> _GIVEN DATA_:
______

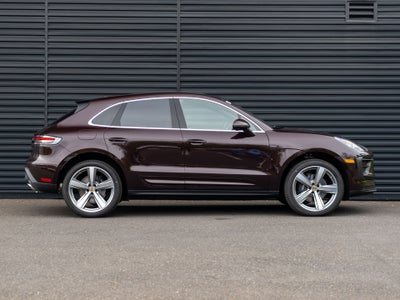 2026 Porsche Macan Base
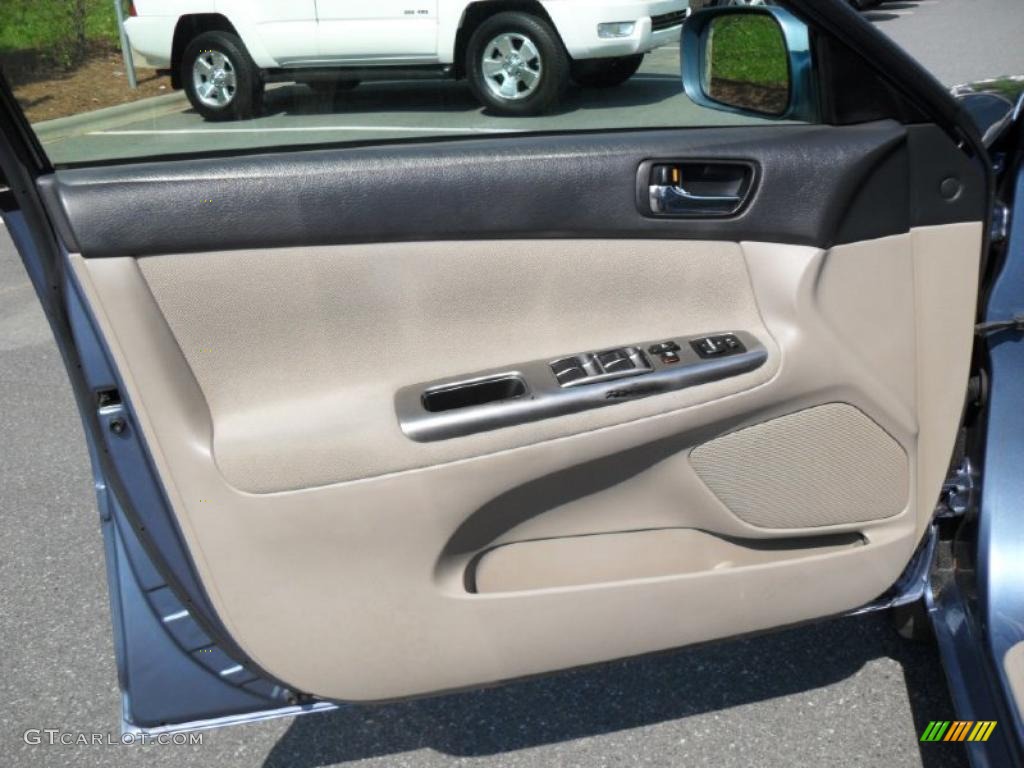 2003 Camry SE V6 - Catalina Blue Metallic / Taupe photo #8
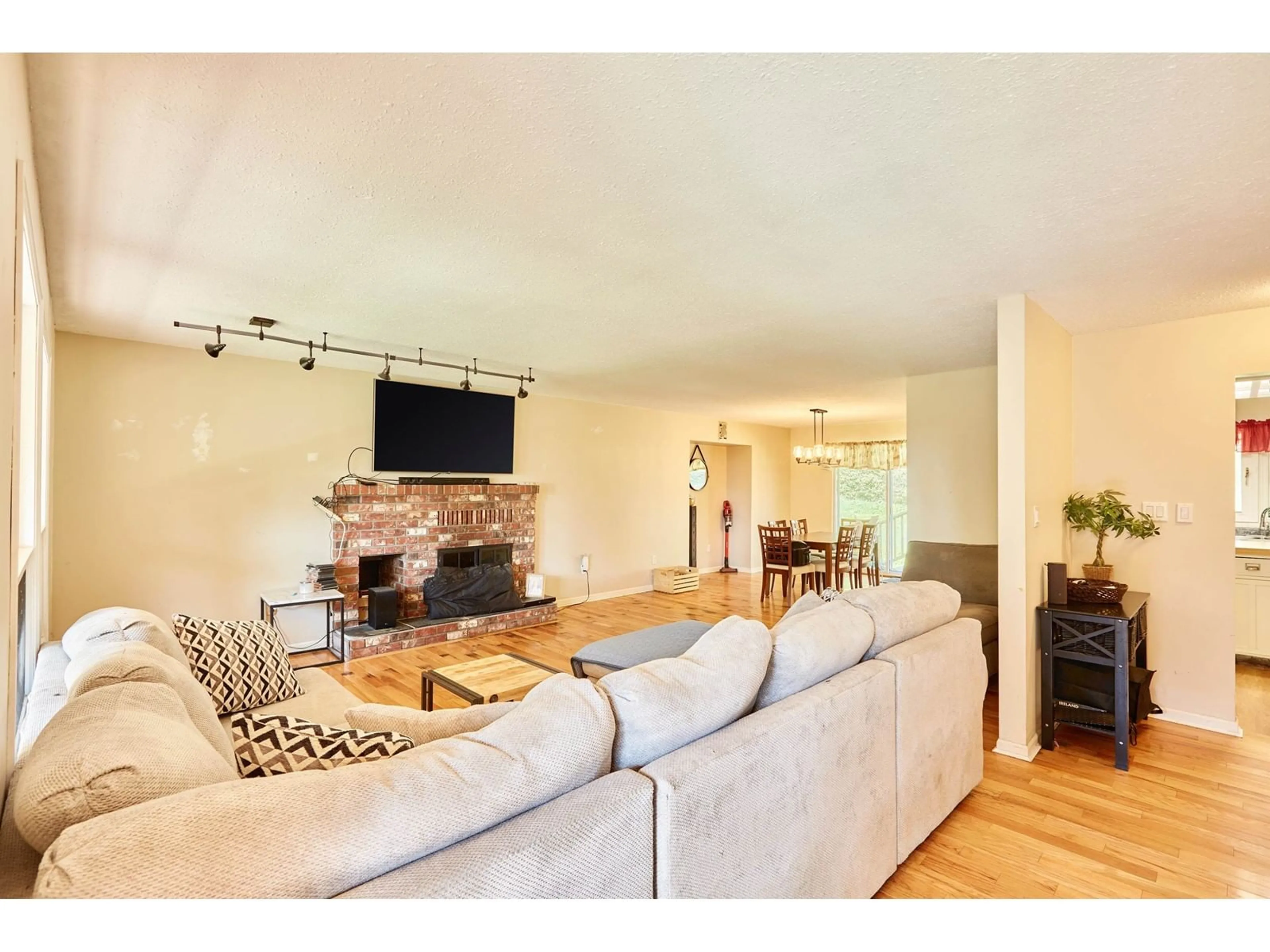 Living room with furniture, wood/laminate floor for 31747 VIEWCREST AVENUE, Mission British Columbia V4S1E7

______

> _ABOUT THIS EXERCISE_: Pictures are to be left out; the listing above is otherwise to be copied exactly.

> _THE COMPLETED TASK_:
 2026 Porsche Macan Base
 2003 Camry SE V6 - Catalina Blue Metallic / Taupe photo #8
 Living room with furniture, wood/laminate floor for 31747 VIEWCREST AVENUE, Mission British Columbia V4S1E7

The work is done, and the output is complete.